Recently, at a party, a dance floor allowed me to dance with abandon. It made my spirits soar. I turned into my real self, i.e., animated. I was either dancing or hopping from one person/ group to another, being cheery and my boisterous self.
Now, like I’ve said earlier too, either I’m formal or I’ve no filter. In this bouncy state, without a doubt, I was loud. Maybe I wasn’t even thinking twice before speaking. But trust me, I wasn’t saying anything that would even remotely offend anyone.
Having built this background, let me come to the incident. I had met a lady for the first time at that party. She ‘seemed’ to be chilled out, speaking as excitedly as I was.
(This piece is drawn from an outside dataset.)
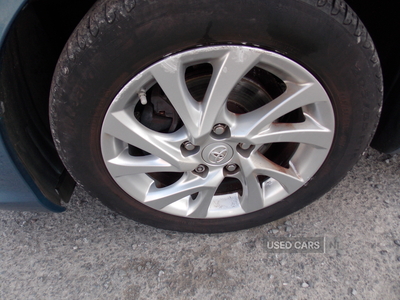 SD67AYUToyotaAuris-10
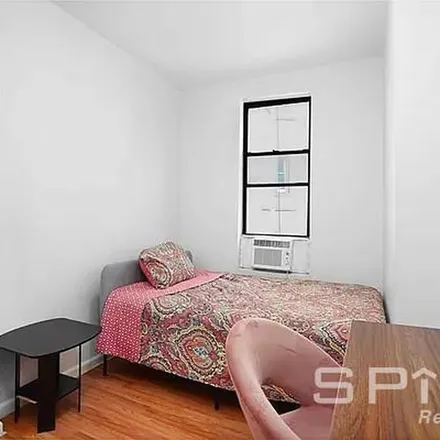 Image 5 - 51 Avenue B, New York, NY 10009, USA - Apartment for rent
She asked an acidic question to N.

When a party leaves a bad taste in your mouth…
The lady asked N if he gets to make any decisions at home. Of course, N being N, he doesn’t pick up the undertones of these caustic comments. Or maybe he did & decided to laugh it off, I don’t know.
This question had come from the lady AFTER she had met me & bantered with me. I’d found her amiable; we’d even exchanged numbers. So, when N told me about this exchange, I was confused.
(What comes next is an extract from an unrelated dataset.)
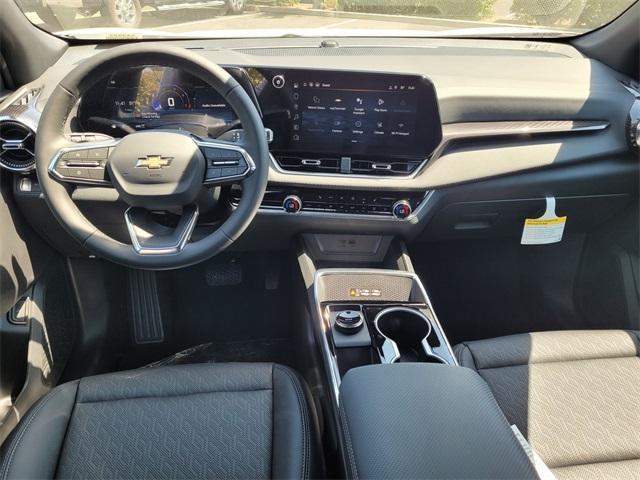 new 2026 Chevrolet Equinox car, priced at $32,453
Just because I was animated, the lady assumed I was authoritative. How did being boisterous automatically imply that I was controlling? She mistook my ebullience as an attempt to dominate.
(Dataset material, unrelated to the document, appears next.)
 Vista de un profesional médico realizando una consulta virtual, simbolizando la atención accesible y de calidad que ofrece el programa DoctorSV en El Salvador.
My three cents for the lady’s assumptions –

Me, bemoaning my ‘lost’ image… :D
- Being bouncy is about outward expression, while authoritativeness is about exerting power over others. Can you please give an example of why you thought I was trying to exert power over anyone?
- Someone who is animated is simply excited/ passionate, not necessarily trying to control the conversation/ situation. When we conversed, dear lady, I asked you about your work. I let you control the conversation. So, how did I become controlling?
- This assumption, that someone is being overly dominant simply because s/ he is boisterous/ loud, is a subconscious bias. I expected better from a Human Resources professional, darling!
That’s all I’ve to say today. People often say that first impressions matter. Nevertheless, I’ve come to realize that they are misleading most of the time. We don’t know a person till we KNOW the person.
So, the next time, you’re forming an assumption/ impression, please STOP! And tell me, has anything like this happened with you? It can be the opposite too – people had assumed you to be diffident just because you were lethargic.